Wednesday, April 4, 2012

Italian Victory at Castelorizzo

During a period in World War II when the British, despite the great power of the Royal Navy, were having a great deal of trouble disrupting Italian supply lines across the Mediterranean to North Africa which Admiral Luigi Biancheri had kept open, a potential 'easy target' was sought out. Deprived of success in the Central Mediterranean, the British naval commander, Admiral Andrew Cunningham, decided to focus on the eastern side of the sea and ordered an attack on the lightly defended Italian island of Castelorizzo. Located just off the Turkish coast, between Rhodes and Cyprus, the British planned to use Castelorizzo as a launching platform for a more significant attack on the Italian naval base at Leros, one of the most strategically vital bases in the Aegean Sea. Wishing to take no chances after previous disappointments, Admiral Cunningham dispatched an entire cruiser division to the island which put ashore 500 elite British commandos to seize the island, expecting no real trouble from the handful of sailors and policemen who constituted the only Italian resistance on Castelorizzo.
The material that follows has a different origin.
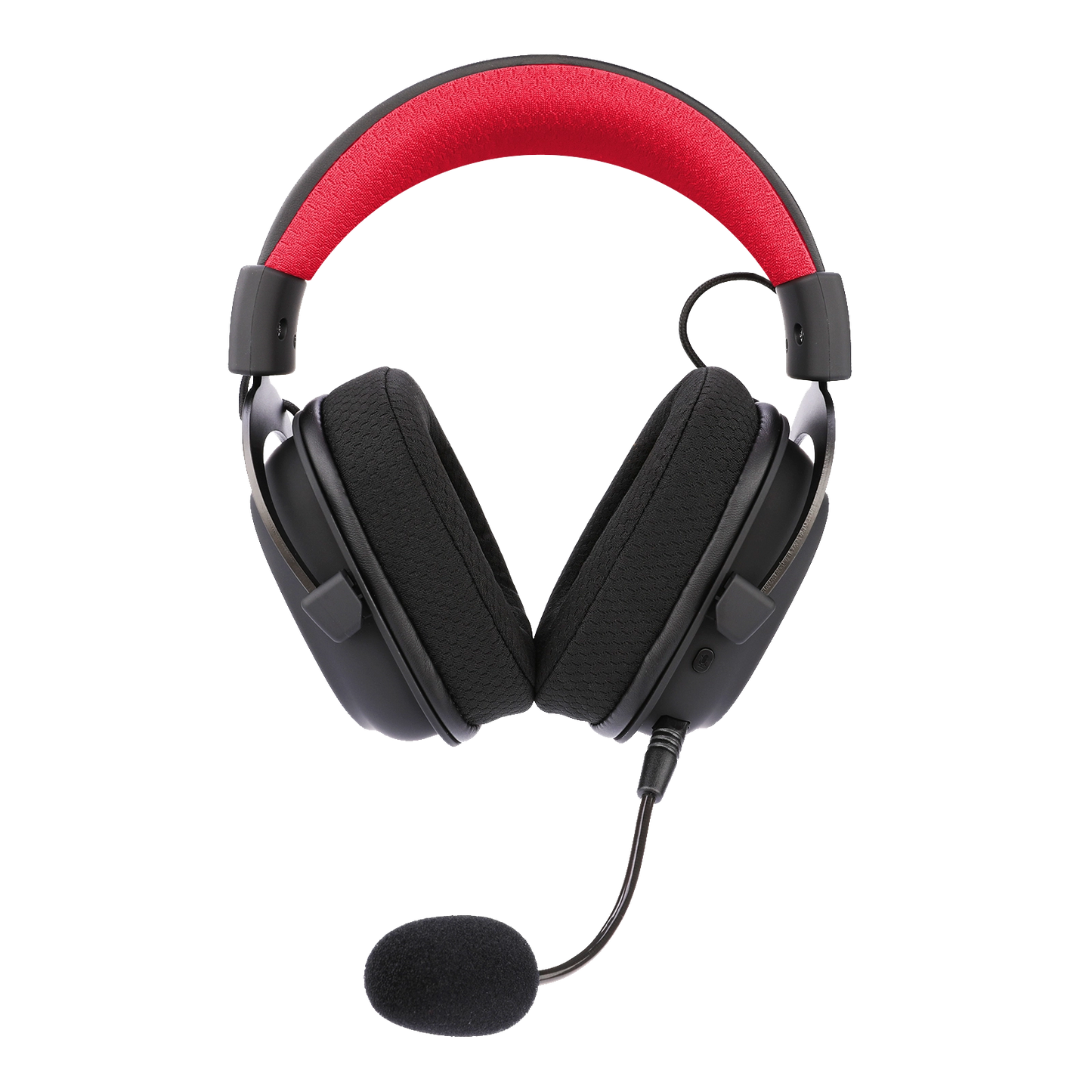 Słuchawki Redragon H510 Zeus Pro RGB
However, the Italian sailors resisted fiercely, immediately radioed for assistance and withdrew to the most easily defended areas of the island and kept up their resistance, continuing to hold out against the British commandos throughout the day of February 25, 1941. They had to hold out alone all day before help arrived after nightfall in the form of a few Italian destroyers and torpedo boats carrying 240 infantry from the Italian garrison at Rhodes. The torpedo boats were under the command of Captain Francesco Mimbelli (who would go on to more fame in action in the Black Sea against the Russians). The Regia Aeronautica preceded the landing, bombing the harbor and British positions, inflicting enough damage that one warship was forced to recall her marines and retreat. This deprived the commandos of their radio link with Alexandria, Egypt. It also prevented additional British troops from landing as the air attacks threw the Royal Navy into a panic, being under attack from the air and unable to locate the small flotilla of Italian warships they knew were closing in on them.
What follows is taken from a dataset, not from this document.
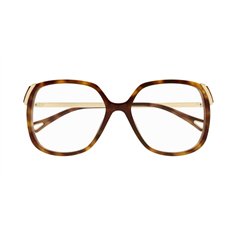 Chloé CH0287O 002 2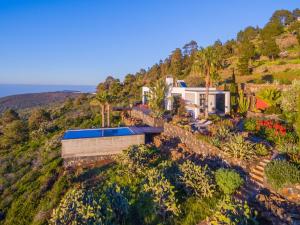 Holiday Home Villa Infinite Place by Interhome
The Italian ships landed their troops and began covering the infantry by shelling British positions ashore. Although they were outnumbered by more than two-to-one the Italian troops fought their way forward against the British commandos, seizing key positions and finally surrounding the British force. Without air or naval support the British knew their operation was doomed and those forces still able to reach their ships retreated. The Italians continued to close in and the fighting raged on for two days before the British accepted defeat and surrendered. The British fleet sailed back to Egypt after making one last, fruitless sweep in which they failed to locate or destroy a single Italian vessel.

Admiral Cunningham was amazed at how the Italians, whom British propaganda always derided, had, “reacted with utmost vigor and enterprise” and had made a “rotten business” of his attempt to takeover the island. Many of the British commanders had foolishly believed their own propaganda, that the Italians were sub-standard fighters and the action at Castelorizzo shocked them to their senses as they witnessed first-hand the skill and tenacity of Italian troops and the Regia Marina. This sharp battle put a permanent end to any hope of the British to seize control of the Dodecanese Islands from Italy and the islands remained in Italian hands until the 1943 armistice after which the Kingdom of Italy joined the Allies in declaring war on Nazi Germany.